Correlation Between Petroleo Brasileiro and Baron Opportunity
Can any of the company-specific risk be diversified away by investing in both Petroleo Brasileiro and Baron Opportunity at the same time? Although using a correlation coefficient on its own may not help to predict future stock returns, this module helps to understand the diversifiable risk of combining Petroleo Brasileiro and Baron Opportunity into the same portfolio, which is an essential part of the fundamental portfolio management process.
By analyzing existing cross correlation between Petroleo Brasileiro Petrobras and Baron Opportunity Fund, you can compare the effects of market volatilities on Petroleo Brasileiro and Baron Opportunity and check how they will diversify away market risk if combined in the same portfolio for a given time horizon. You can also utilize pair trading strategies of matching a long position in Petroleo Brasileiro with a short position of Baron Opportunity. Check out your portfolio center. Please also check ongoing floating volatility patterns of Petroleo Brasileiro and Baron Opportunity.

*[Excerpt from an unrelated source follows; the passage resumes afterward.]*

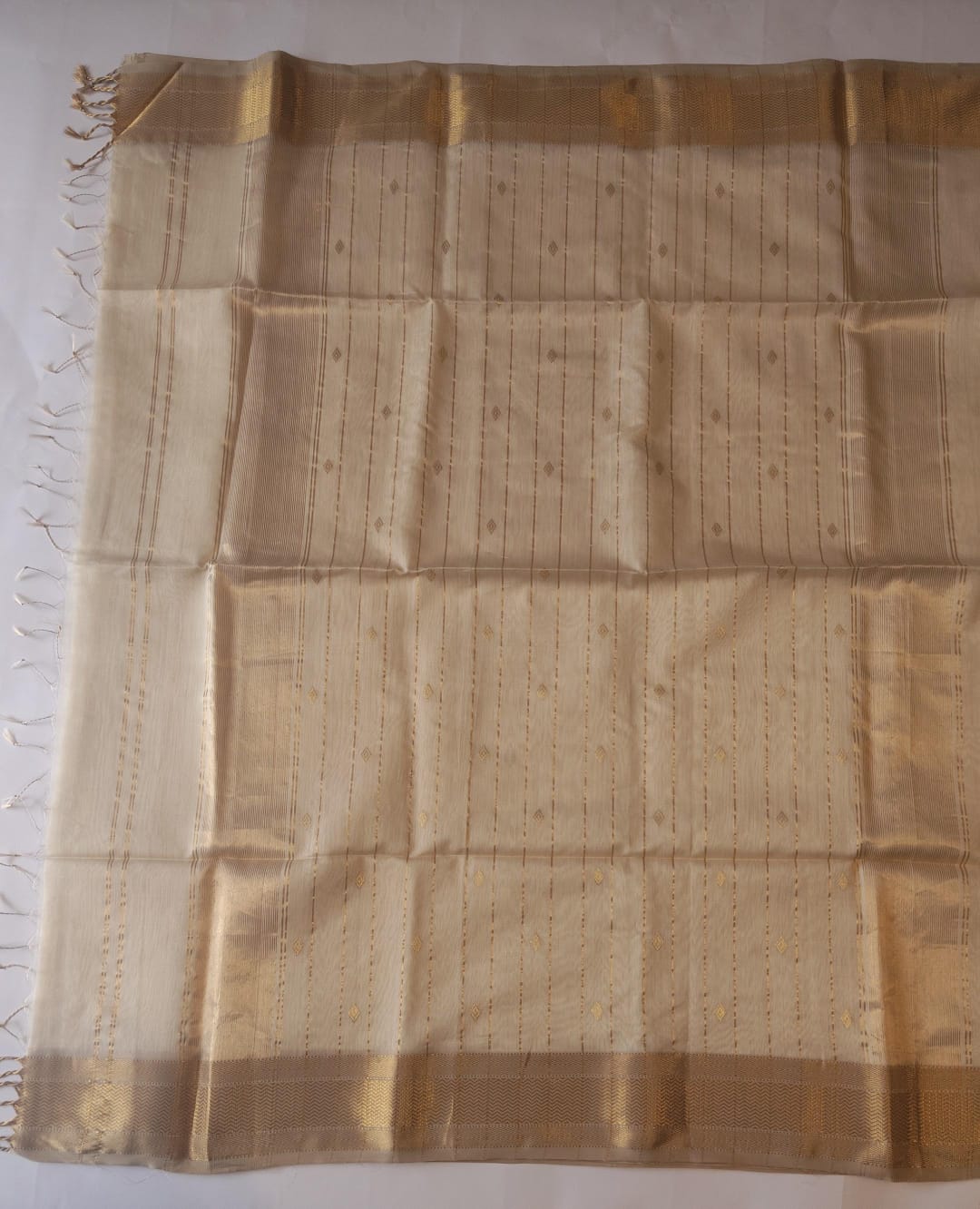 Maheshwari Handloom Silk-Cotton Saree – Ivory White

Diversification Opportunities for Petroleo Brasileiro and Baron Opportunity
-0.3 | Correlation Coefficient |
Very good diversification
The 3 months correlation between Petroleo and Baron is -0.3. Overlapping area represents the amount of risk that can be diversified away by holding Petroleo Brasileiro Petrobras and Baron Opportunity Fund in the same portfolio, assuming nothing else is changed. The correlation between historical prices or returns on Baron Opportunity and Petroleo Brasileiro is a relative statistical measure of the degree to which these equity instruments tend to move together. The correlation coefficient measures the extent to which returns on Petroleo Brasileiro Petrobras are associated (or correlated) with Baron Opportunity. Values of the correlation coefficient range from -1 to +1, where. The correlation of zero (0) is possible when the price movement of Baron Opportunity has no effect on the direction of Petroleo Brasileiro i.e., Petroleo Brasileiro and Baron Opportunity go up and down completely randomly.
Pair Corralation between Petroleo Brasileiro and Baron Opportunity
Considering the 90-day investment horizon Petroleo Brasileiro Petrobras is expected to under-perform the Baron Opportunity. In addition to that, Petroleo Brasileiro is 1.13 times more volatile than Baron Opportunity Fund. It trades about -0.01 of its total potential returns per unit of risk. Baron Opportunity Fund is currently generating about 0.07 per unit of volatility. If you would invest 4,573 in Baron Opportunity Fund on September 29, 2024 and sell it today you would earn a total of 593.00 from holding Baron Opportunity Fund or generate 12.97% return on investment over 90 days.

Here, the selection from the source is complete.